Task details: Give an exact transcription limited to the lines from the one with "Copyright © Info" through the end of the entries, including both; no pictures belong in it.
(Beginning of The input)
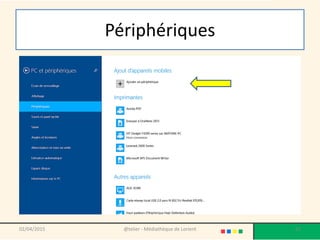 Périphériques
02/04/2015 @telier - Médiathèque de Lorient 67
 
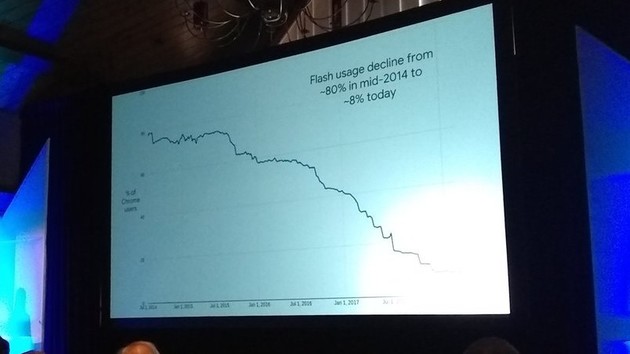 Google-Statistik: Der Einsatz von Adobe Flash im Internet bricht rasant ein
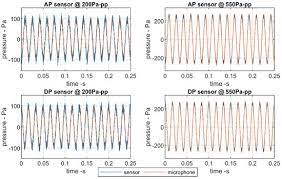 9 duct smoke detector maintenance and test procedures test and maintain duct smoke detectors as recommended in nfpa 72. Sensors Free Full Text Development And Characterization Of A Low Cost Sensors System For An Acoustic Test Bench Html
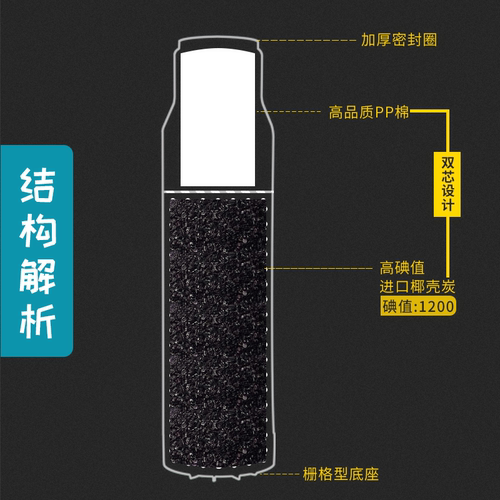 净水器滤芯10寸颗粒活性炭T33纯水机配件通用椰壳碳家用双芯滤芯 - 图2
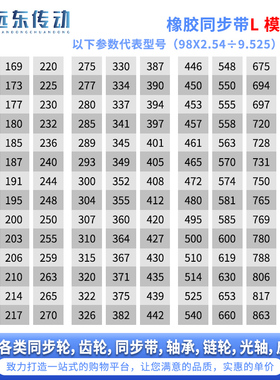 橡胶同步带472L/480L/495L/500L/510L/514L/525L/540L/548L/550L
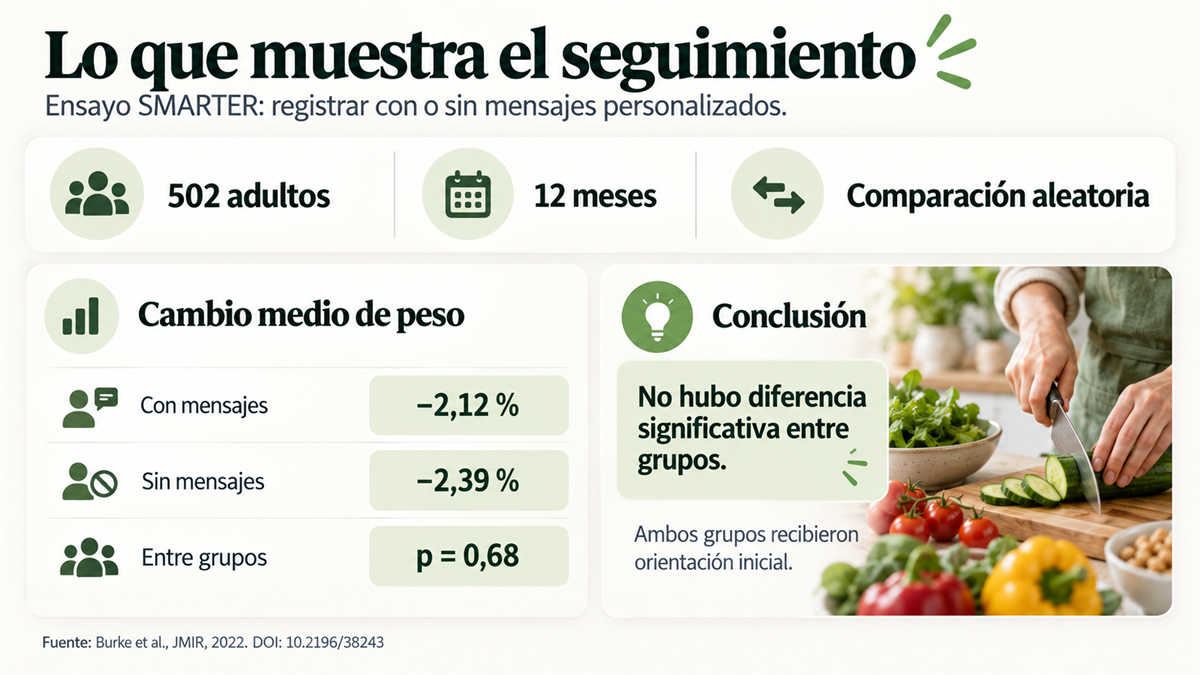 Resultados del ensayo SMARTER sobre seguimiento con y sin mensajes personalizados
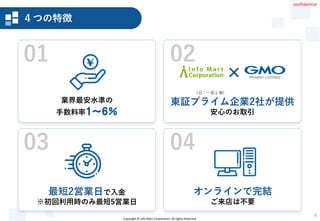 Copyright © Info Mart Corporation. All rights Reserved.
4つの特徴
6
最短2営業日で入金
※初回利用時のみ最短5営業日
オンラインで完結
ご来店は不要
東証プライム企業2社が提供
安心のお取引
業界最安水準の
手数料率1～6％
✕
４つの特徴
confidential
（旧：一部上場）
 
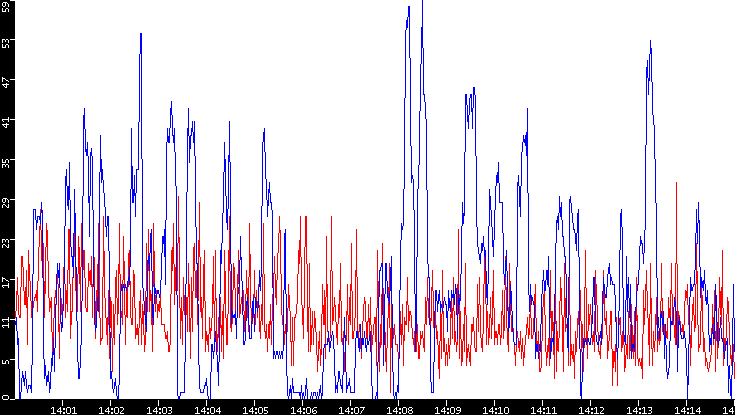 Nb. of Packets vs. Time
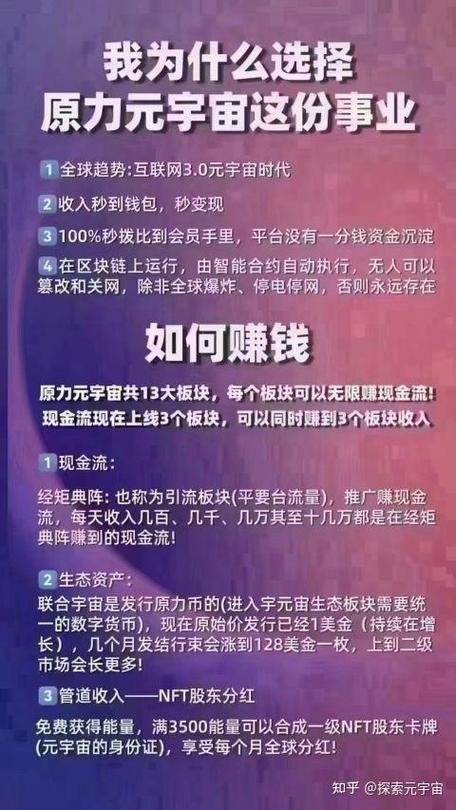 目前可以挣钱的元宇宙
(End of The input)
The completed task:
 Copyright © Info Mart Corporation. All rights Reserved.
4つの特徴
6
最短2営業日で入金
※初回利用時のみ最短5営業日
オンラインで完結
ご来店は不要
東証プライム企業2社が提供
安心のお取引
業界最安水準の
手数料率1～6％
✕
４つの特徴
confidential
（旧：一部上場）
 
 Nb. of Packets vs. Time
 目前可以挣钱的元宇宙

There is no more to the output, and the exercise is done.